降ったばかりの雪がふわふわに積もり、スタートから脛のラッセルだ。トレースはわかるものの全部ラッセル。富良野側渡渉のまだ心許ないブリッジを越えてからは50mごとに底なしの踏み抜き連続地帯。やはりスキーの浮力は圧倒的で、スノーシューだと踏み抜き引っかかり地獄。遅々として進まない。
樹林帯を抜けると風が吹いてきた。避難小屋で風を避けながら一休み。凍りついた小屋の中だが、外から入ると暖かい。
さて、進むか。ってトレースがある!望岳台から登った人がいるのか!!いやぁ楽ですな、と一瞬思ったが、そのトレースは大沢の方へ続いていた。この雪で大沢を登ろうとすると絶対蟻地獄にハマるので、折角のお誘いですが今日は夏尾根に乗りたいと思います。
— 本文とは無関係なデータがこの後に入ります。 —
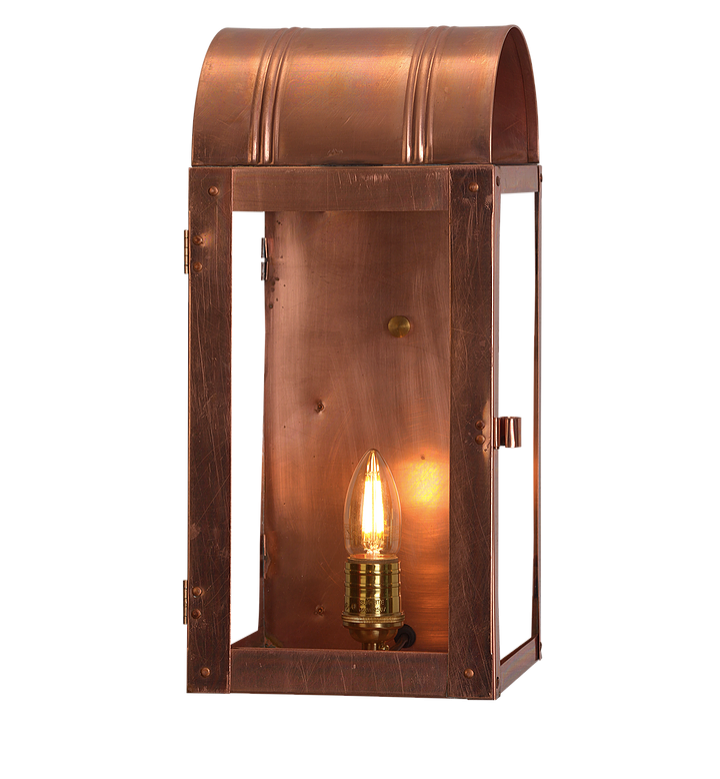 In Stock - Abaco Copper Lantern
夏尾根はまあまあ雪が少なく、歩きやすかった。しかし、標高を上げるごとに風が強くなり、さっきまで見えていた星も消え始め、やっぱり…な展開へ。
と、ここでトラブル発生。いつもナビにしているApple Watchの電源が落ちた。腕につけていたのだが、それでも低温で落ちたのだろう。今まで問題起こしたことなかったのに。ってかお前、最近電池交換してもらったばかりじゃねぇか!
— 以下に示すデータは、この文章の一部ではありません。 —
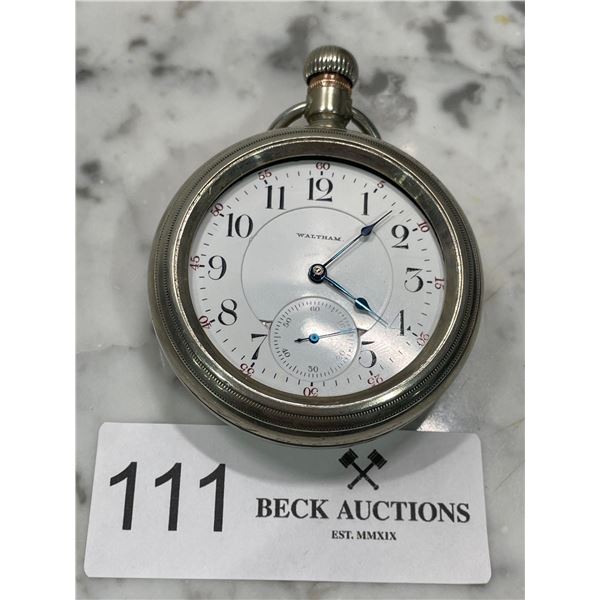 American Waltham Watch Co. Grade: A.T. & Co. Se.8200575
仕方がない。ポケットの中にはiPhoneもあるし、ザックの中には予備のガーミンGPSもある。何度も登っている十勝岳だから慣れもあるし(*1)。
ガスも出て視界もなく、風の強い中グラウンド火口の縁をなぞって最後の壁へ。ここから先はとりあえず高い方へ行けば山頂だ。
しかし視界が悪いな。メガネのレンズが凍りついている。風に乗って氷の粒が刺すように飛んでくる。視界が…視界が悪いな…
ゴーグルが必要だった。熱線入りの高いやつ。
先日壊しちゃったんだよね。スキーの練習していてフレームが割れてしまった。それで新しいの注文したんだけど、これが「眼鏡対応」って表示されているくせに全然ダメで、どんな小さい眼鏡なら入るんやー!という代物。使えなかったから本日ノーゴーグルです(*2)。
激しい視界不良と強風の中、なんとか山頂に到着。
山頂では先行者が一人。トレースあったか?と思ったが、ルートがあってないようなものだからそんなもんだろう。この寒氷陣のなか落ち着いた様子で朝陽を待っていた。どんな猛者じゃろ。
景色も日の出も期待できなさそうなので、早めに下山開始だ。ここで長居したらしんでしまう。
ということで山頂からほんの少し下りたあたりで…強風にすっ飛ばされた。
完全に向かい風。も、、も ど れ な い !
ここは稜線だから何とかして少し下りれば風は弱まる。とにかく隙を見て山頂の陰に入ればイケるか?を数回繰り返してやっと突破だ。山頂から想定ルートよりも東側に下りてしまった。ここはゴツゴツした大岩地帯だから、視界もないしまずは少し西に折れてルートを戻そ!
ここでApple Watchのダウンが効いてくる。
iPhoneじゃダメなんだよ。ロック解除しなきゃならないから。碌に効かないタッチ付きグローブはイマイチで、もちろんフェイスIDは効かない。凍傷リスクを考えたら頻繁にはチェックできない。予備のガーミン出せば良かったのだが、強風でめんどくさい(*3)。
気がついたら右目が見えなくなっていた。
しばらくは眼鏡に氷がついているだけかと思っていたが、眼鏡を外しても近くにあるものが霞んで見えない。ああこれ角膜損傷やっちゃったな。本格的にまずい…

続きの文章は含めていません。